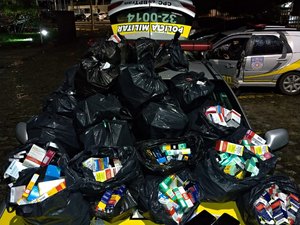 Remédios com comercialização proibida são apreendidos no Centro de Maceió 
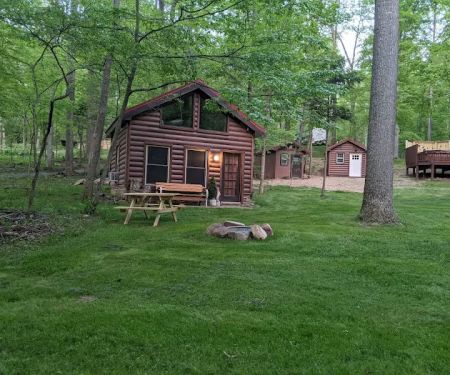 Sullivan's Camp Cacapon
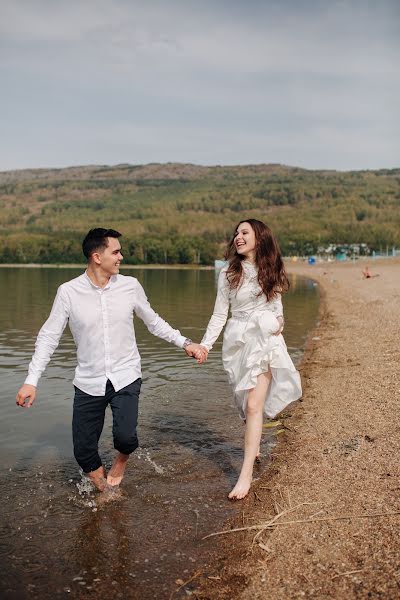 Huwelijksfotograaf Ayrat Kamaletdinov (artairat). Foto van 9 september 2021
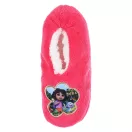 Dora the Explorer Flower Pink children's winter slipper 27/30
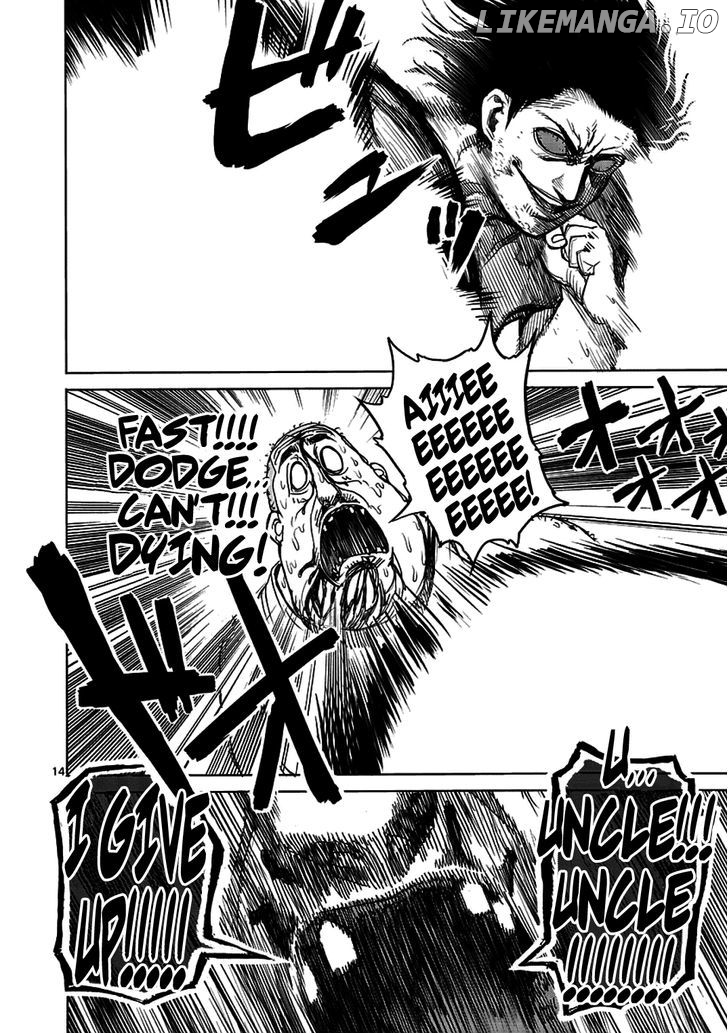 Read Kengan Ashura En Manga Online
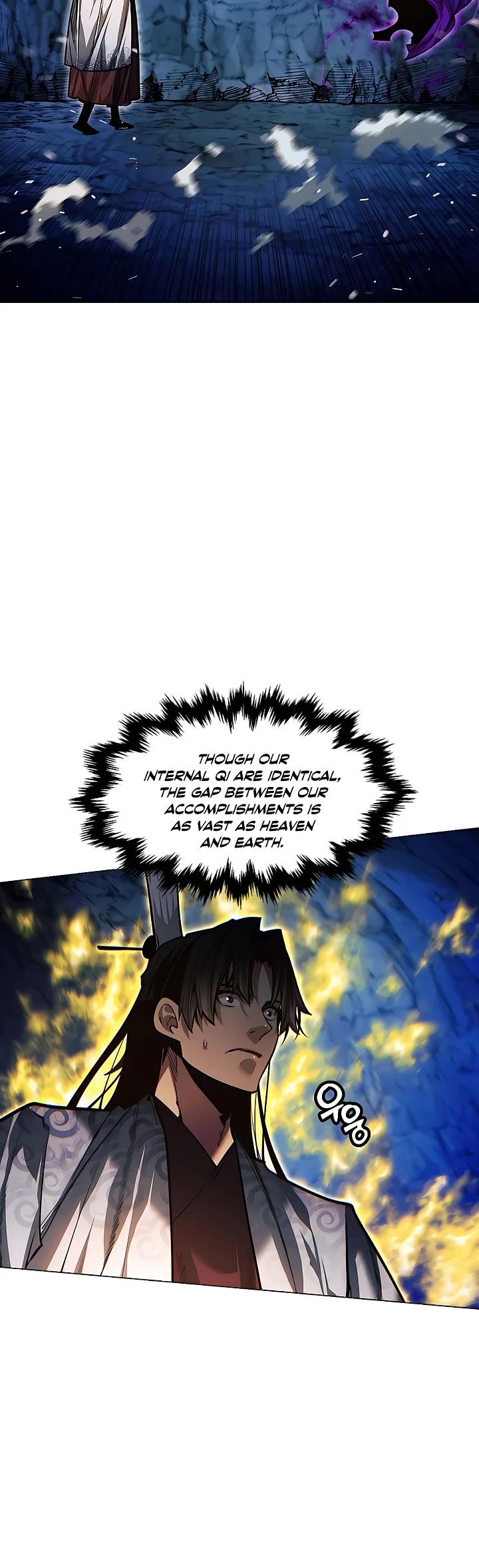 A Modern Man Who Got Transmigrated Into the Murim World Chapter 86 page 30 - Chapter 86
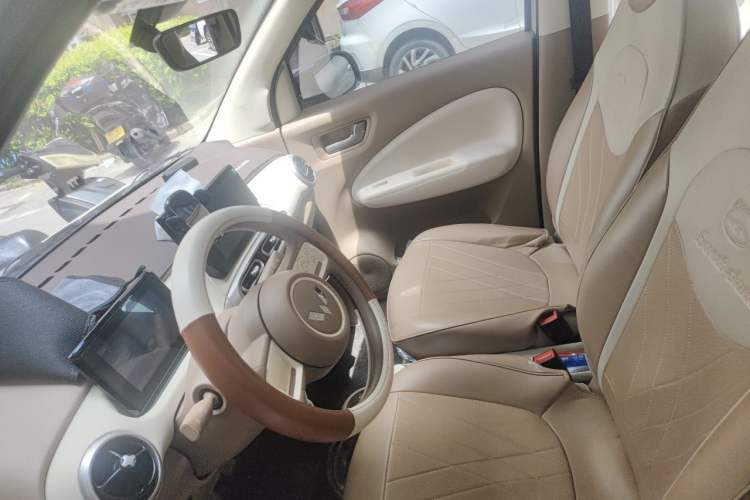 Used Wuling Hongguang MINIEV 2025 Four-Door Version Zhenxiang+ Edition Left Front Seat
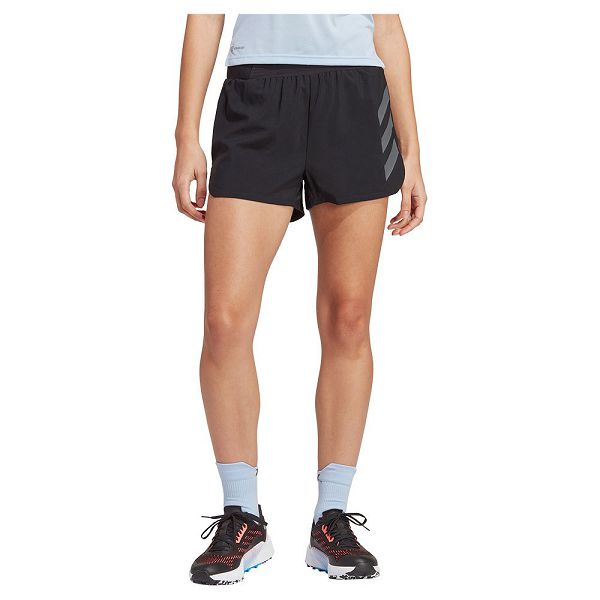 Adidas Agr 3´´ Shorts Pantolon Kadın Siyah | SVOC-40932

Description of the task:
Write all the lines above out again exactly, minus the images.

Your response:
 Remédios com comercialização proibida são apreendidos no Centro de Maceió 
 Sullivan's Camp Cacapon
 Huwelijksfotograaf Ayrat Kamaletdinov (artairat). Foto van 9 september 2021
 Dora the Explorer Flower Pink children's winter slipper 27/30
 Read Kengan Ashura En Manga Online
 A Modern Man Who Got Transmigrated Into the Murim World Chapter 86 page 30 - Chapter 86
 Used Wuling Hongguang MINIEV 2025 Four-Door Version Zhenxiang+ Edition Left Front Seat
 Adidas Agr 3´´ Shorts Pantolon Kadın Siyah | SVOC-40932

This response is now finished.